2023.1.31寄付金の使途に疑問あり

 

 市議会1月会議の23日、壱岐クリーンエネルギー株式会社(中原達夫代表取締役)の令和3年度決算報告で、損益計算書に記載された寄付金99万円について疑問が上がった。計上された寄付金の一部で、自民党壱岐支部に60万円支出していることが市の説明によりわかった。山口欽秀議員は、市が資本金の4分の1を出資していることから「なぜ問題にしないのか」と指摘し、把握する範囲の経営状況と収支の流れを問うた。市は「監査報告を尊重し、寄付については知り得ないこと」と不明瞭な答弁にとどめた。

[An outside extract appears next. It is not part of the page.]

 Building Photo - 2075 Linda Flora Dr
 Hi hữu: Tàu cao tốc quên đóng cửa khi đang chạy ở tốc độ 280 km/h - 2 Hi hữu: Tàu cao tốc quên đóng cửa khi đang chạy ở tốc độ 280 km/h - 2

第三セクター事業者が自民党に60万円を寄付、市は関知せずと回答

 同社の事業は、芦辺町箱崎諸津触に風車2基を設置した風力発電施設などを手掛ける。「地域新エネルギー等導入促進対策費補助事業」により総事業費7億円のうち、2分の1以内の助成を受け、本市の将来に向けた脱炭素社会の実現などを目標にクリーンエネルギー構築を進めている。

 同社の監査役は深見忠生氏、末永榮幸氏、米本実氏の3人が従事し、同社の監査報告書をまとめた。監査役は昨年11月17日付で、令和3年度事業、決算報告、財産目録について「適正である」と判断している。

 山口議員は「同社が提出した監査報告書に、損益計算書で寄付金99万円を支出したと記載されるが、どこへ寄付したのか」と問うた。市は「内訳で自民党壱岐支部60万円、各公民館30万円、清和会4万円、瀬戸浦会花火大会5万円と報告を受けている」と答えた。

 続けて山口議員は「自民党へ寄付したと言うが、なぜ特定の党なのか」と問い、市は「市とは独立した運営の第三セクターであり、自主的主体的な健全経営に取り組むことが原則だ。この観点から決算などについては監査役が行うことであり、報告書については十分に尊重している」と答えた。さらに「市が関与する部分は、経営状況の評価、事業目的、経営状況などに適切な指導助言を行うものであり、寄付について市は知り得ないこと」とし、市が関与する部分ではないことを述べた。

 回答を受け、山口議員は「極めて不誠実だ。第三セクターの位置付けであり、会社が独自にやったから市は把握していないなどは許されない。ナカハラグループは生コンやホテル経営などさまざまな事業を手がけているが、同グループのホームページには、再生可能エネルギー事業としてのクリーンエネルギー株式会社も構成しているとし、さも同グループの一企業としての位置付けの印象がある」と指摘した。

 さらに「同社の役員構成にも同グループの名があり、会社所在地も同グループ内にある。風力発電施設のメンテナンスなどの業務委託も同グループに丸投げだ。その上で、自民党への寄付金もある。市としては何ら問題にしないのか」と再び問うた。

 市は「四町合併以前の旧芦辺町時代に、町が一部出資で同社が立ち上がった経緯がある。同グループが主体となって経営運営をしているのは確か。誤解を生むようなホームページであれば、市からも話をする。同グループとの連結決算は行われていないので理解願いたい」と返答した。